Researched meticulously by journalist Adam Higginbotham, this book is not a risk analysis for nuclear power (or any other energy source), but rather a chronicle of a culture of secrecy, misinformation and cover-up. For starters, this catastrophe was completely preventable. In its race to show itself superior to the US in reactor technology, high-level USSR technocrats designed massive reactors with little or no attention to standard design safeguards, and hid known flaws even from plant directors and engineers. The reactors were often constructed with shoddy materials and poor workmanship by crews who were given impossible deadlines to fulfill. The test protocol itself involved turning off whatever safeguards that the reactor possessed. During the test, politically sensitive supervisors ignored parts of the protocol. The recipe for disaster was well mixed — it was only a matter of time before a massive failure occurred.
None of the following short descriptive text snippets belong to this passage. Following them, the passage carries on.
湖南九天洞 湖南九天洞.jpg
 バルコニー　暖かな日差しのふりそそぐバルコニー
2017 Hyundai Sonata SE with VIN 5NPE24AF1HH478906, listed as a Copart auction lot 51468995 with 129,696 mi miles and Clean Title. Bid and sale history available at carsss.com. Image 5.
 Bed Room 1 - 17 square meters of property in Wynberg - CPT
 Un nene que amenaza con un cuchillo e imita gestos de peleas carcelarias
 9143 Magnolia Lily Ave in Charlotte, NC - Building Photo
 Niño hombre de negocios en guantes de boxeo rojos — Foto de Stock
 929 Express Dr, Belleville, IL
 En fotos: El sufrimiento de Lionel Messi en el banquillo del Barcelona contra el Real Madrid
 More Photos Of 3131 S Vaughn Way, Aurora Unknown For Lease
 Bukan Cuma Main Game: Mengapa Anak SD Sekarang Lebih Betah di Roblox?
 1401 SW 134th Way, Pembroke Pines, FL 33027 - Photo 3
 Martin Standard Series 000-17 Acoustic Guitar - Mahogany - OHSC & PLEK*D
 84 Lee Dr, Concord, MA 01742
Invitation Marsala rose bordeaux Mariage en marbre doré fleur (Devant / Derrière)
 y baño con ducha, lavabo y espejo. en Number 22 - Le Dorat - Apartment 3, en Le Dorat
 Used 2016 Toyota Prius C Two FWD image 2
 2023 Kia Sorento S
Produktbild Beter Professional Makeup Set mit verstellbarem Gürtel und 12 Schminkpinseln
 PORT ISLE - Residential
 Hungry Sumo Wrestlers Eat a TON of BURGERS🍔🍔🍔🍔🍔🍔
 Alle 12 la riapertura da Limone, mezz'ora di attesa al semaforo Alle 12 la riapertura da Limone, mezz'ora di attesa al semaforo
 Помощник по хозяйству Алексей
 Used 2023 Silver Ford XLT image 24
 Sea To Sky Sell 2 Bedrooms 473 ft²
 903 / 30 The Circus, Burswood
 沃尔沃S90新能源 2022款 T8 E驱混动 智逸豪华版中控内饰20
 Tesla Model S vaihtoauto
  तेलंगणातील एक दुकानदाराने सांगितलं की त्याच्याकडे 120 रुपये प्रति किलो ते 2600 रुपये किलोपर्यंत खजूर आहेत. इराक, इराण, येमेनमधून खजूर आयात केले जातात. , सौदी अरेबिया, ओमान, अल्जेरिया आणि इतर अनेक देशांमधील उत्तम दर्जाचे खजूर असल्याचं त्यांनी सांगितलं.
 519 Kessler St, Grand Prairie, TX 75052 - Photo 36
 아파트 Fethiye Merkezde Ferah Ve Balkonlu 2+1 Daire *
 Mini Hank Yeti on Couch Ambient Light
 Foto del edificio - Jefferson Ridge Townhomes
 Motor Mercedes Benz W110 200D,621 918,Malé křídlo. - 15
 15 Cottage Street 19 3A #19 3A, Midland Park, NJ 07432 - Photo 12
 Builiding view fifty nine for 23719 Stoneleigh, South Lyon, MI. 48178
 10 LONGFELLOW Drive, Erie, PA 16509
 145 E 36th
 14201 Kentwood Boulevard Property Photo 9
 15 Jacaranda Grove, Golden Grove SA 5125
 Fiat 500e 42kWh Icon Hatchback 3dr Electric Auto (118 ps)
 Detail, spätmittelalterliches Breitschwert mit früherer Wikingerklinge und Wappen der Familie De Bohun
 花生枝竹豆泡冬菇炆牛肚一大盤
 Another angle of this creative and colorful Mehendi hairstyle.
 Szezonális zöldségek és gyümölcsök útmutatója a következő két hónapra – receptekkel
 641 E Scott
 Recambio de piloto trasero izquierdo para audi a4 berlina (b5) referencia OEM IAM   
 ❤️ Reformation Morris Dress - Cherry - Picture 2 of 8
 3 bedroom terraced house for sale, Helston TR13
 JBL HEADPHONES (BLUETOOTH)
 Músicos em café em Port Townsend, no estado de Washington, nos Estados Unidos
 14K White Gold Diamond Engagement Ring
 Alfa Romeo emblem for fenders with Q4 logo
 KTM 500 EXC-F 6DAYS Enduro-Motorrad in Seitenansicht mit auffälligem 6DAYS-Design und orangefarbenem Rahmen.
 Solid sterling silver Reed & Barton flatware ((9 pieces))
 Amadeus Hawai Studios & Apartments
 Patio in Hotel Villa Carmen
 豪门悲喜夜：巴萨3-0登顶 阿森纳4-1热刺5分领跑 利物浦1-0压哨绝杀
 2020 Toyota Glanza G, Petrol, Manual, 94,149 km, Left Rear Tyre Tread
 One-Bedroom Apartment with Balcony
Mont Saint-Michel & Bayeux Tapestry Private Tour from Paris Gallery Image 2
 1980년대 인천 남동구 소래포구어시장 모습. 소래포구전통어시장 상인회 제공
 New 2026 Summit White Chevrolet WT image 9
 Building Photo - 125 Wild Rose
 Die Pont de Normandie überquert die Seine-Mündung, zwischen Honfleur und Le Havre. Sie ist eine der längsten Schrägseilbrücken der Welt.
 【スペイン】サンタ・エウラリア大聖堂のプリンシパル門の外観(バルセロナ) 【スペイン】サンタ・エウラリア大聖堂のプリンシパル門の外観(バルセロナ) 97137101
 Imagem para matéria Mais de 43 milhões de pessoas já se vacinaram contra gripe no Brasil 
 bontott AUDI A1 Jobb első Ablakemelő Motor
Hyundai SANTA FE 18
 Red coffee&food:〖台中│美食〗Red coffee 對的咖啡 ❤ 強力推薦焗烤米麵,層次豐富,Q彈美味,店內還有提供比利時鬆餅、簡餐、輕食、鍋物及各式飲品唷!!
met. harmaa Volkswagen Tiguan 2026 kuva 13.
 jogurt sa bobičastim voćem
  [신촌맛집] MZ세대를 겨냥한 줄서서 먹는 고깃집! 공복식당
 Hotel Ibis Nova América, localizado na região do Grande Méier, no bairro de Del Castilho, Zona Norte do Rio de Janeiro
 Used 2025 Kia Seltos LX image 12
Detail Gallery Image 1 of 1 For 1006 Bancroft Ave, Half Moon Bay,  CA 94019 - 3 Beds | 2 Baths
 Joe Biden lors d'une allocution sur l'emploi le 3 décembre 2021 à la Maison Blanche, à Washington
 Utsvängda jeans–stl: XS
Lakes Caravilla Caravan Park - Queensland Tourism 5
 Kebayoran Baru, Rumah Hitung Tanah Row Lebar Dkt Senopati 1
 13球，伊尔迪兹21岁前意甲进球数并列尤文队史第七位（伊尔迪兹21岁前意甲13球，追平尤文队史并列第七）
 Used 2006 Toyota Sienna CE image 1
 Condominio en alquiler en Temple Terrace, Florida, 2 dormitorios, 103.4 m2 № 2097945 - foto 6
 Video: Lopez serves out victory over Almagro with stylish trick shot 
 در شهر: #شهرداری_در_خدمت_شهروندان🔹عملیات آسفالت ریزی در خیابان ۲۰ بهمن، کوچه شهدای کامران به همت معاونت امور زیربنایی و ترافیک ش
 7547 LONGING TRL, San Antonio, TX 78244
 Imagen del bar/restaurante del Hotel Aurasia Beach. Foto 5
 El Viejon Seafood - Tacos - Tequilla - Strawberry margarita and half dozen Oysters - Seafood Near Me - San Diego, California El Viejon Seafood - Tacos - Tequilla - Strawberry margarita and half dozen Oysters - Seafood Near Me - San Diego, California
But this time, the culture of secrecy failed — the facts were too widespread for the government to put the genie back into the bottle. The Western press had evidence of massive radiation on European soil and shouted, “What have you done?!” Inside the USSR, too many citizens knew of mysterious deaths and huge evacuations. The final outcome exceeded the scope of the catastrophe: many claim that the massive costs of cleanup, together with the loss of citizen trust, were major contributing factors to the breakup of the Soviet Union only a few years later.
A key lesson from this book is that truth cannot ultimately be contained and hidden. Higginbotham does a masterful job of showing how well-meaning (or not) characters become trapped in their webs of deceit. For some, the outcome might be considered just, but for most, it was tragic.